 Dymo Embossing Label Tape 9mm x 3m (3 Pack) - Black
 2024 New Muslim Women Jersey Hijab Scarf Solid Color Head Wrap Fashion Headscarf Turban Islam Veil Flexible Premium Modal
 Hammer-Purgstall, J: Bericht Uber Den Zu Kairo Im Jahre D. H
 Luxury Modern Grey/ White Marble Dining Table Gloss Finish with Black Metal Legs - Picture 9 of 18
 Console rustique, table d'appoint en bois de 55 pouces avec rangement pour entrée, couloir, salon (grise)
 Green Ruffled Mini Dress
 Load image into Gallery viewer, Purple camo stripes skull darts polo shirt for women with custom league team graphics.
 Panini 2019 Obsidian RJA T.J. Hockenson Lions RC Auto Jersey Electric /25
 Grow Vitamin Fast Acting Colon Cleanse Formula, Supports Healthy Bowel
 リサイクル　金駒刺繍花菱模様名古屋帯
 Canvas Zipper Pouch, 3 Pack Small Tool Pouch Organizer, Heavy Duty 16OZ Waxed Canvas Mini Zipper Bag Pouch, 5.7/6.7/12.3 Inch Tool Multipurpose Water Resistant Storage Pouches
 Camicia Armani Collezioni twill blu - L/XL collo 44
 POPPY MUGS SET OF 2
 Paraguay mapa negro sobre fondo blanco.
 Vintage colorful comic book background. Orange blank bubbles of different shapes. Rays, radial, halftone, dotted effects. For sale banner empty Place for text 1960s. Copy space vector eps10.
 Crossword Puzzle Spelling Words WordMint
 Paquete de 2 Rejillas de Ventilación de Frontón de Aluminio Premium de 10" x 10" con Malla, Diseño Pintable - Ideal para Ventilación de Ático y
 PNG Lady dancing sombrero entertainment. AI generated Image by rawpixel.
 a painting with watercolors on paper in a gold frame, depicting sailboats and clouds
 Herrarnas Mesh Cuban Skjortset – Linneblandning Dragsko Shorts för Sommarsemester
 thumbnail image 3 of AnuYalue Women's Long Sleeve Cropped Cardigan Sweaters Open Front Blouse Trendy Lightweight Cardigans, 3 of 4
******************************
Restate exactly, and only, the line containing "Paraguay mapa negro sobre fondo blanco." together with all lines after it to the end of the material.

Written answer
 Paraguay mapa negro sobre fondo blanco.
 Vintage colorful comic book background. Orange blank bubbles of different shapes. Rays, radial, halftone, dotted effects. For sale banner empty Place for text 1960s. Copy space vector eps10.
 Crossword Puzzle Spelling Words WordMint
 Paquete de 2 Rejillas de Ventilación de Frontón de Aluminio Premium de 10" x 10" con Malla, Diseño Pintable - Ideal para Ventilación de Ático y
 PNG Lady dancing sombrero entertainment. AI generated Image by rawpixel.
 a painting with watercolors on paper in a gold frame, depicting sailboats and clouds
 Herrarnas Mesh Cuban Skjortset – Linneblandning Dragsko Shorts för Sommarsemester
 thumbnail image 3 of AnuYalue Women's Long Sleeve Cropped Cardigan Sweaters Open Front Blouse Trendy Lightweight Cardigans, 3 of 4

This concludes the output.